In practice I have found that fridge auto helm and instruments will all run of the solar power and the engine hours that we naturally accumulate when cruising. We rarely feel the need to use shore power.

Adding extra portlights or hatches to increase airflow and natural lighting in fore and rear cabins.

While Calista is slightly different to an Atalanta I think that you are worrying unnecessarily here. Open the fore hatch – it will scoop air down into the boat when propped half open. Open the main and aft companionways and hatches.We sail like that most of the time when its hot. The MCA might not like the idea of an open fore hatch at sea but I cant remember getting water in through it. Certainly a Titania fore hatch is well clear of the sea. Some form of opening port might be of use in the aft cabin particularly in port. It is always hotter in port than out on the water.  If you are going to be stopping in a marina or port for some time then covers over the decks make a big difference. Calista has a set of covers which go over the whole boat in three sections. We have used them – but not very often, probably because we don’t tend to spend ages in one place.

One issue you have not raised is mosquitoes. There are plenty of those in the med and the canals. We have net screens to cover all the openings. It is often hot when you need them so it helps if you can keep hatches and companionways open but covered with mesh to let air flow but catch the insects. That is worth some effort to make them. Simple light effective. Roll them up and stow in a corner under a bunk – and I guarantee you will be glad you have them!

Replacement  inboard motor required – suitable power rating  and make which would be easy to maintain in France/the med.

The manufacturers of inboard engines are now international – so it won’t matter what make you have. They are often based on another makers industrial engine anyway – so it might be useful to know the base engine make as well. Power depends on what you want to achieve. 3 knots entering harbour then 8 to 10 hp. If you want to cruise all day at 5.5 knots through a flat calm then 15 to 18hp might be more suitable. Remember when motoring into a head wind most of the power is taken moving through the wind – so a more powerful engine will get you into shelter when you really want to find shelter NOW. Most modern engines require some form of thrust block cordon shaft arrangement when fitted into an Atalanta. Modern engines are higher than old ones so need to be installed below the original shaft line.

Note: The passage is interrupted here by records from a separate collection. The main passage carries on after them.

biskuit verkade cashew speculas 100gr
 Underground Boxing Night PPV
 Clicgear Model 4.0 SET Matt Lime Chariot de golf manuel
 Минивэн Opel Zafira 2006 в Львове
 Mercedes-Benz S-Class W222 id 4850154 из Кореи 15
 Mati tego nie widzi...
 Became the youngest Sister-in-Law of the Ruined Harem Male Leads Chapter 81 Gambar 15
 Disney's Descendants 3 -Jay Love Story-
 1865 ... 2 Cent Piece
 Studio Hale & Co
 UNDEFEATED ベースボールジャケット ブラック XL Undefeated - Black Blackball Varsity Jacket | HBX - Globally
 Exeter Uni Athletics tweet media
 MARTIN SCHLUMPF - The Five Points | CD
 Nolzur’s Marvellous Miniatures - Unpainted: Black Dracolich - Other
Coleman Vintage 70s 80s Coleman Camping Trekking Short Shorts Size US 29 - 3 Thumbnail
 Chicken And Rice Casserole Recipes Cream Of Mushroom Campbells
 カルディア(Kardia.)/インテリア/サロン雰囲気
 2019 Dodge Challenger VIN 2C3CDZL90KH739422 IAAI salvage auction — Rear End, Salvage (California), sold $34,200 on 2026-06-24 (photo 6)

230v shore power with distribution MCB board.

Yes Calista has shore power fitted. Do we use it – rarely. We rarely use marinas or places where shore power is available. It is useful when laid up though – I leave the batteries on trickle charge all winter via the shore power connection in our boat shed. I suppose you might use your Atalanta in a different way to us – and it might well be of use. If you spend a week or so in one harbour – and you can get shore power then it could keep the fridge cool, the batteries charged and all the gadgets topped up. In the summer you aught to be able to do that with solar power anyway!